Problem requirements: What follows is a set of entries. Repeat them exactly, but not their pictures.

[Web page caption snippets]

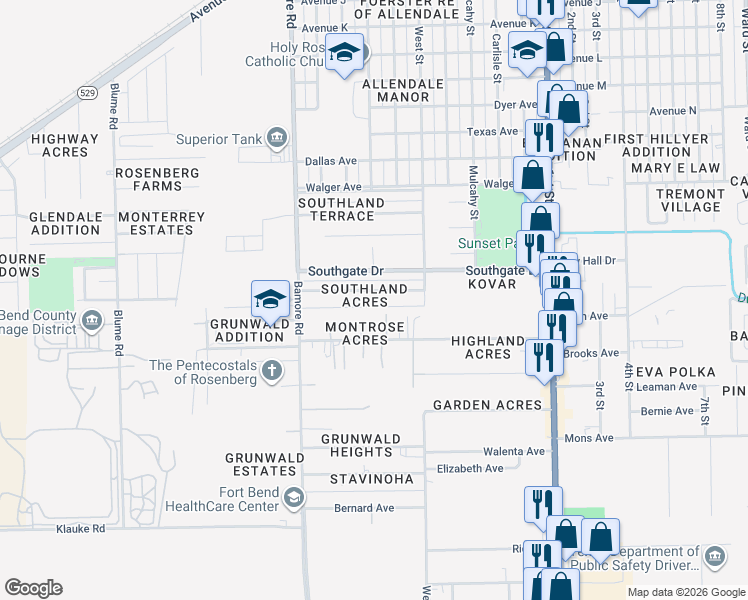 map of restaurants, bars, coffee shops, grocery stores, and more near 1111 Magnolia Drive in Rosenberg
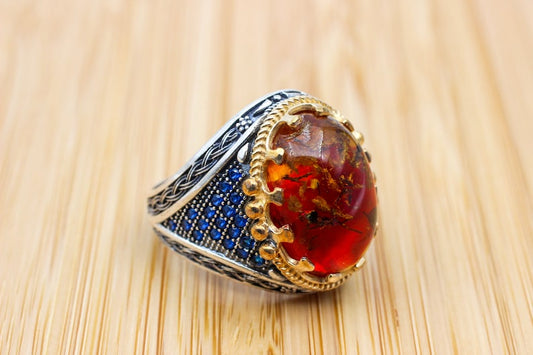 Amber Silver ring for Men Radiant Amber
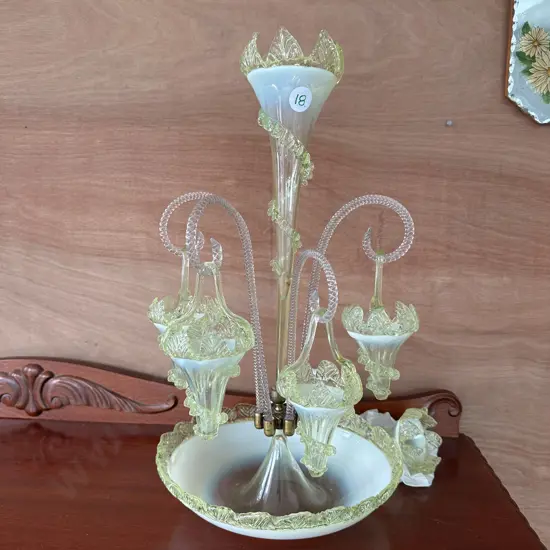 Victorian opalescent vaseline art glass epergne - incomplete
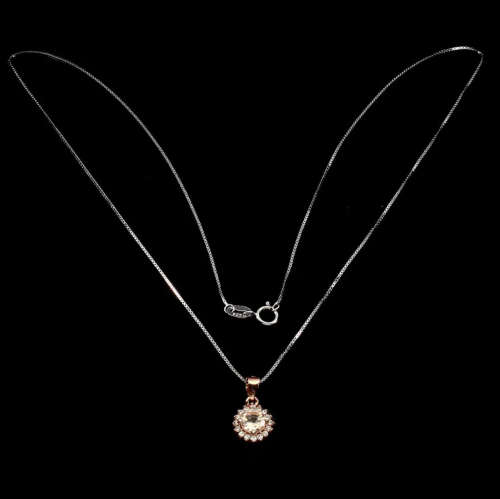 Deluxe Rose Gold Natural Morganite White Cubic Zirconia Solid .925 Sterling Silver Necklace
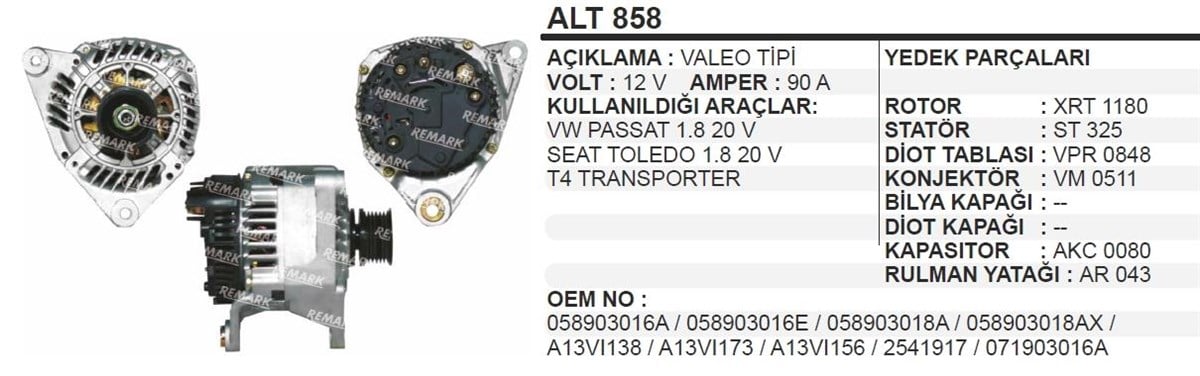 Alternatör 12v 90ah Passat Toledo 1,8 Alt858 | Remark Alt858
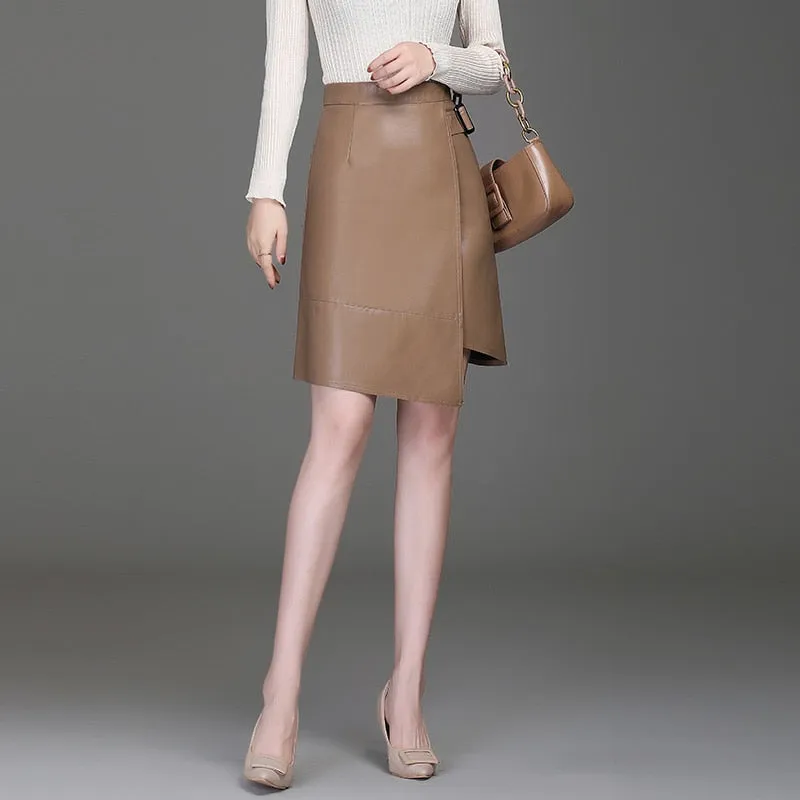 Women  Leather  Short Skirt Women Club Wear Knee Length Skirts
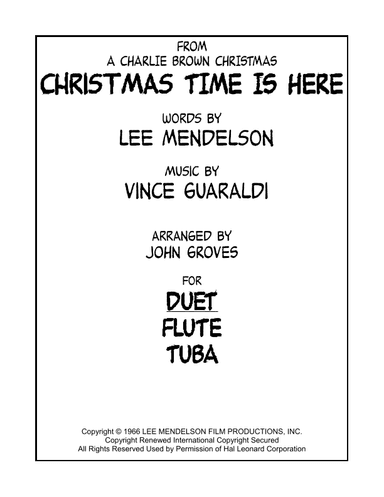 Christmas Time Is Here (arr. John Groves)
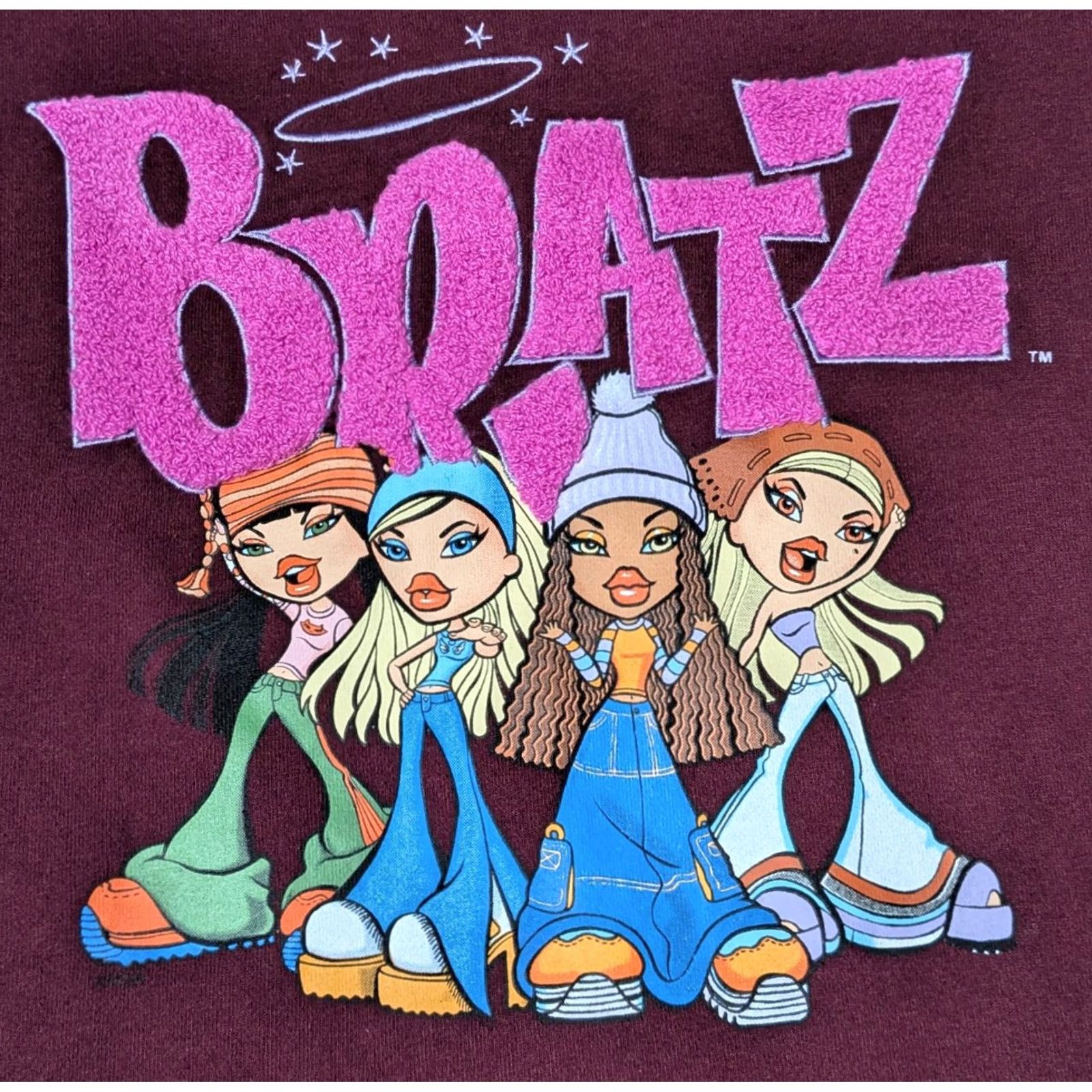 Vintage BRATZ DOLL GROUP Women Oversized XL Burgundy Fuzzy Logo Pullover Sweatshirt Size XL / US 12-14 / IT 48-50 - 4 Thumbnail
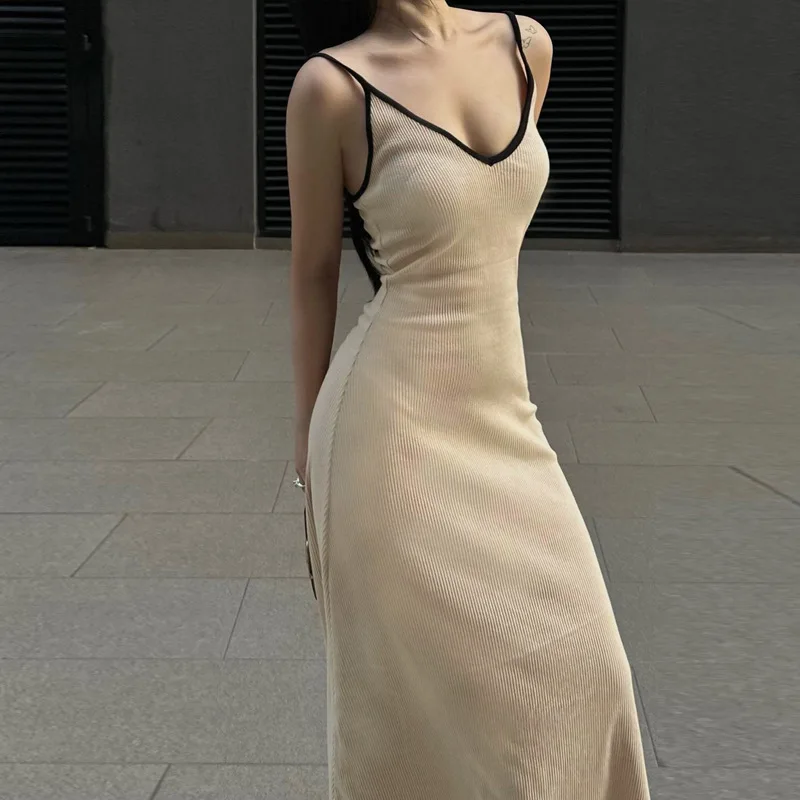 

Женская одежда, Новинка лета 2023, модное сексуальное платье с V-образным вырезом и длинными бретельками, женская Пляжная накидка, кафтан, женское пляжное платье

Expected answer:
 map of restaurants, bars, coffee shops, grocery stores, and more near 1111 Magnolia Drive in Rosenberg
 Amber Silver ring for Men Radiant Amber
 Victorian opalescent vaseline art glass epergne - incomplete
 Deluxe Rose Gold Natural Morganite White Cubic Zirconia Solid .925 Sterling Silver Necklace
 Alternatör 12v 90ah Passat Toledo 1,8 Alt858 | Remark Alt858
 Women  Leather  Short Skirt Women Club Wear Knee Length Skirts
 Christmas Time Is Here (arr. John Groves)
 Vintage BRATZ DOLL GROUP Women Oversized XL Burgundy Fuzzy Logo Pullover Sweatshirt Size XL / US 12-14 / IT 48-50 - 4 Thumbnail

Женская одежда, Новинка лета 2023, модное сексуальное платье с V-образным вырезом и длинными бретельками, женская Пляжная накидка, кафтан, женское пляжное платье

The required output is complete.